_Instructions to follow_: Omitting the pictures, print every line below exactly as it stands.

_Data_:
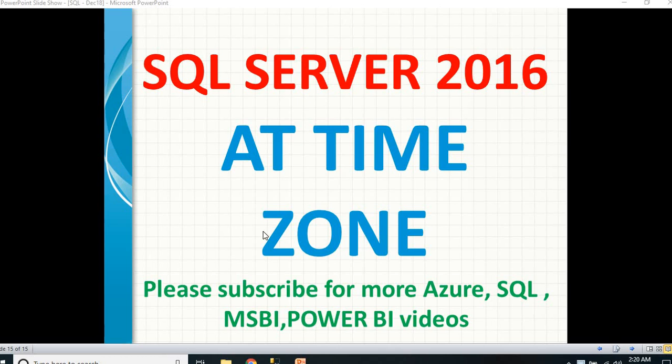Hi friends, in this video, let's talk about the new function AT TIME ZONE.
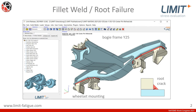My company has been developing a software called Limit. The standard application for Limit is fatigue strength assessment of welded structures. Many of our customers deal with railway structures, and the picture shows a bogey frame which is a representative example.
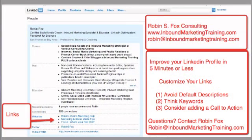Hi, this is Robin Fox from Robin S. Fox Consulting with a quick tip on how you can make your LinkedIn profile look more professional and encourage your visitors to get more information about you in a more effective way.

_Problem solution_:
Hi friends, in this video, let's talk about the new function AT TIME ZONE.
My company has been developing a software called Limit. The standard application for Limit is fatigue strength assessment of welded structures. Many of our customers deal with railway structures, and the picture shows a bogey frame which is a representative example.
Hi, this is Robin Fox from Robin S. Fox Consulting with a quick tip on how you can make your LinkedIn profile look more professional and encourage your visitors to get more information about you in a more effective way.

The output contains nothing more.